One of the key elements in the tackling of inequality is funding. The funds allocated to the clinical commissioning groups was set out in the operating framework, which related to GPs’ patient lists. It has now been changed to take account of data from the Office for National Statistics. Will the Secretary of State assure me that deprived areas will not lose out on the funds allocated to CCGs—not the per-head funds, but the funds allocated to CCGs as a result of the change?
As I am sure the hon. Gentleman knows, we will publish the allocations for 2013-14 later this year. However, we are ensuring, I think rightly, that the allocations to clinical commissioning groups for NHS services reflect the population, because they have a responsibility for the whole population. Some parts of the country, particularly London, have substantial unregistered populations, which often include the groups who are most at risk.
Does my right hon. Friend agree that one of his important initiatives that could reduce health inequalities is the development of personal care budgets, which give real power and choices to patients, and also have the potential to reduce hospital admissions and costs?
Yes, since the election we have pushed forward with offering access to a personal care budget to those who are in receipt of care and support. At the time of the last election, about 168,000 people were exercising that right. The figure now is over 432,000, and we are extending the scheme so that, for example, people in receipt of continuing health care through the NHS will not lose the opportunity for personal care when the NHS takes over that responsibility; instead, that will continue as a personal budget under the NHS.

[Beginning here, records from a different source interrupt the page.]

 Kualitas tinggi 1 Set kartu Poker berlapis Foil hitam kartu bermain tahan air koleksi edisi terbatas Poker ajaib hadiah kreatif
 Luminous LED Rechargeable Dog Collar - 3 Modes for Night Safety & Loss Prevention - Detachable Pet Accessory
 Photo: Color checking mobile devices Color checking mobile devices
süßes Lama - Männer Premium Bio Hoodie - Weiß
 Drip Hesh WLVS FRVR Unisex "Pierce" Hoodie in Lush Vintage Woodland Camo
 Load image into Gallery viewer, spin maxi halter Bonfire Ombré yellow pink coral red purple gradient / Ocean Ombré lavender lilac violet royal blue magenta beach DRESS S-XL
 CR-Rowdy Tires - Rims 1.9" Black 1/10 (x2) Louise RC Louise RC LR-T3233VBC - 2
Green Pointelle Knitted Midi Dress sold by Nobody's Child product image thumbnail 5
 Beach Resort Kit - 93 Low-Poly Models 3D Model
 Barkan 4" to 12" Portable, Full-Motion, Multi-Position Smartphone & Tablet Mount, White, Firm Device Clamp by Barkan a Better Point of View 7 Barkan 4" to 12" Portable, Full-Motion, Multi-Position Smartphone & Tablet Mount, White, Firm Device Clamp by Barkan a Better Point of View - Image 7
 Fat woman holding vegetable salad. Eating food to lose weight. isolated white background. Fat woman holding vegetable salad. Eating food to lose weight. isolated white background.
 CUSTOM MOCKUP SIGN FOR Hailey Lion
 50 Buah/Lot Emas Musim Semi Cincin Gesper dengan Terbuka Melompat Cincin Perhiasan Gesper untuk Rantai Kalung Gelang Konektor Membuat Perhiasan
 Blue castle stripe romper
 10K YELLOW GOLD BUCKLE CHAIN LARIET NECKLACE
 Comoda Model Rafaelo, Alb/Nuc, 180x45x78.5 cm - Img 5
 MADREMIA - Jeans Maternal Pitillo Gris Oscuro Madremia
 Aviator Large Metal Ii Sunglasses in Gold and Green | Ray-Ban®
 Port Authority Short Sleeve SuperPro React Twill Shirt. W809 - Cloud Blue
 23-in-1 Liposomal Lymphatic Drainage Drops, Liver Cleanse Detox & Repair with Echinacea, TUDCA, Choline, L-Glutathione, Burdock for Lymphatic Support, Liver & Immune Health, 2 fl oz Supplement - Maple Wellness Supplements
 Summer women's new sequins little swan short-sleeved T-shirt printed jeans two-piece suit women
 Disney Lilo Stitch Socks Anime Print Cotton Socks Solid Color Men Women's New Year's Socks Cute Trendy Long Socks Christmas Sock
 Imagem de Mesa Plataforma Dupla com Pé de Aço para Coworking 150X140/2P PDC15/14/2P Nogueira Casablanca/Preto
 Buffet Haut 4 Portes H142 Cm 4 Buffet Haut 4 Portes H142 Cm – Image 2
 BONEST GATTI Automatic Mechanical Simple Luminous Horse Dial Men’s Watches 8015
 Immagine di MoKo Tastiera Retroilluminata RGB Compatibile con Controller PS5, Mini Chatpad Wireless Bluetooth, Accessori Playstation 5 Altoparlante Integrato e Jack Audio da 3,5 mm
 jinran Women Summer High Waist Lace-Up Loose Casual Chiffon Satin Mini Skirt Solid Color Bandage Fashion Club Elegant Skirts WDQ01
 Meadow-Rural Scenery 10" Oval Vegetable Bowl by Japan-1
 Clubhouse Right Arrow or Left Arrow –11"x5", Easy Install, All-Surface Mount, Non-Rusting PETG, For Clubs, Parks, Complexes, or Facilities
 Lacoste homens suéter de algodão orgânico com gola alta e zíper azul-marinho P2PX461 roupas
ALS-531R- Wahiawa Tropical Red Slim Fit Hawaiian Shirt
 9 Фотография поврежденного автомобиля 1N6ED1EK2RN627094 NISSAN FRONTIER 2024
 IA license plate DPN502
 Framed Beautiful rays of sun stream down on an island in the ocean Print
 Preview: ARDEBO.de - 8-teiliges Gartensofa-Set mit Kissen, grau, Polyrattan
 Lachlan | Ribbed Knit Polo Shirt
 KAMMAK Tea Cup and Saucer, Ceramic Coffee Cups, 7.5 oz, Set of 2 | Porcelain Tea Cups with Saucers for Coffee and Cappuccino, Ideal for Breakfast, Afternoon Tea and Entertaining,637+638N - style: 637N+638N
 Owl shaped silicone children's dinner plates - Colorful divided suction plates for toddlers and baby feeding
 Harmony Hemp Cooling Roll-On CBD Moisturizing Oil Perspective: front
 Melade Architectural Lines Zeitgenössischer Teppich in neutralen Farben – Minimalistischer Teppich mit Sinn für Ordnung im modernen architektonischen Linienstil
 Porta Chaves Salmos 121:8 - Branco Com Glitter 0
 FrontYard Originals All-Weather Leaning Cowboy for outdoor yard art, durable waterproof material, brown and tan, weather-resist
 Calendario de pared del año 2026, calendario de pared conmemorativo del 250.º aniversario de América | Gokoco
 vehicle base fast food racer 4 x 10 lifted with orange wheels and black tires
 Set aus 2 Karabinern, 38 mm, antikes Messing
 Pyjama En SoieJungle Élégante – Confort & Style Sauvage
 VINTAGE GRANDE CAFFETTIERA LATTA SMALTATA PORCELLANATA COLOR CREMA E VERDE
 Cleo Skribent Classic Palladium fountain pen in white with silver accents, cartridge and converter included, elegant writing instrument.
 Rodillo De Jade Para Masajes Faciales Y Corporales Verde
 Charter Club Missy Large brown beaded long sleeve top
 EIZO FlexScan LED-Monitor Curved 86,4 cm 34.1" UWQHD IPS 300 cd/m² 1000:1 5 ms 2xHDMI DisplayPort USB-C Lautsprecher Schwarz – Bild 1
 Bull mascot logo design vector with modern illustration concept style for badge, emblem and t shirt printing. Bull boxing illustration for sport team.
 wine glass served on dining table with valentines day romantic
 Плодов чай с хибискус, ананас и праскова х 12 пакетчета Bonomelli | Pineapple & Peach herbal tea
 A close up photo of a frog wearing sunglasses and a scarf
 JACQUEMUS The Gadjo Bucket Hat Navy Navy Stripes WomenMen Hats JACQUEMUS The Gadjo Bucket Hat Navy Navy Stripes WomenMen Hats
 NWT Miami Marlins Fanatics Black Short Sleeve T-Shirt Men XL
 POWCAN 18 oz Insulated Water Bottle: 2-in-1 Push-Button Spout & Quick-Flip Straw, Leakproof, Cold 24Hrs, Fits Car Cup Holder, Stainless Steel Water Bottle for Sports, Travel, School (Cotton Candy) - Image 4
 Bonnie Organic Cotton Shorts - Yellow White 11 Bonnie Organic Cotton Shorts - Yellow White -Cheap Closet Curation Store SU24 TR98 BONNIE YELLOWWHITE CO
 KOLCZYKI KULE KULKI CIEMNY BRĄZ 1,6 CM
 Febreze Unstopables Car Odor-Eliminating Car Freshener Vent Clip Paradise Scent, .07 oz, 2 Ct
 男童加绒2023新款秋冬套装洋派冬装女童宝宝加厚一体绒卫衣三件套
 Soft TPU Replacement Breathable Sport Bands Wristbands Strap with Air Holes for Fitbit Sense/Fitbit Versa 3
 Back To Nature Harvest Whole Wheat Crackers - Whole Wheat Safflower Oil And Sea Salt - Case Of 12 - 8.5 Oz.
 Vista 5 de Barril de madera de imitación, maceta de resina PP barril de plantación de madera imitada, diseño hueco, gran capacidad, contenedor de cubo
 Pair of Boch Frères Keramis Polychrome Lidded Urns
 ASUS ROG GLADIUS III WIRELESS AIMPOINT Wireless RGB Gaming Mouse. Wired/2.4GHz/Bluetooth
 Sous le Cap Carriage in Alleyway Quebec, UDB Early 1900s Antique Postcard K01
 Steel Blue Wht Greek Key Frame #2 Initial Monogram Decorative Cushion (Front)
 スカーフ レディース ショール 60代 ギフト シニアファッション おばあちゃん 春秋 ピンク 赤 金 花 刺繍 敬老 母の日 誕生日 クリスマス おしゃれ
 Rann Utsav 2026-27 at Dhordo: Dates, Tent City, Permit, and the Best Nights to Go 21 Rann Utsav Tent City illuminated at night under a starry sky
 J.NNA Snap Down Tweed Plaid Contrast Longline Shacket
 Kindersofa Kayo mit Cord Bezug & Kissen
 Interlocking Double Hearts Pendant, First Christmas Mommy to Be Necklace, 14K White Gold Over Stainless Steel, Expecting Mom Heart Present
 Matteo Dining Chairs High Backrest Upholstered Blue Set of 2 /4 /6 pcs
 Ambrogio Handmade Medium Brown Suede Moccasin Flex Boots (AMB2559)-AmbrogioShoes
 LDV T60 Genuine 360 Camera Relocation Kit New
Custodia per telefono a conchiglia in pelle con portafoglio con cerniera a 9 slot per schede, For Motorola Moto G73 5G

Does the Secretary of State think any of the steps he set out in his original answer will lead to a repeat of the shock rise in the number of cancelled operations in the local hospitals serving my constituents, the figures for which were recently set out in a written answer to me by his Minister of State, the right hon. Member for Chelmsford (Mr Burns)?
The number of cancelled operations rises at certain times during the winter, and it did so during last winter. We are clear about the necessity of ensuring that patients do not have cancelled operations if we can avoid that, and, in particular, that those whose operations are cancelled have access to treatment rapidly thereafter. The key is to make sure, as we have done, that patients have timely access to treatment under the referral to treatment times guidelines, and as the hon. Gentleman will be aware, the average waiting time for treatment in the NHS has fallen since the election, as has the number of people waiting a long time for treatment. That is the strongest measure for ensuring all patients get timely to access to care.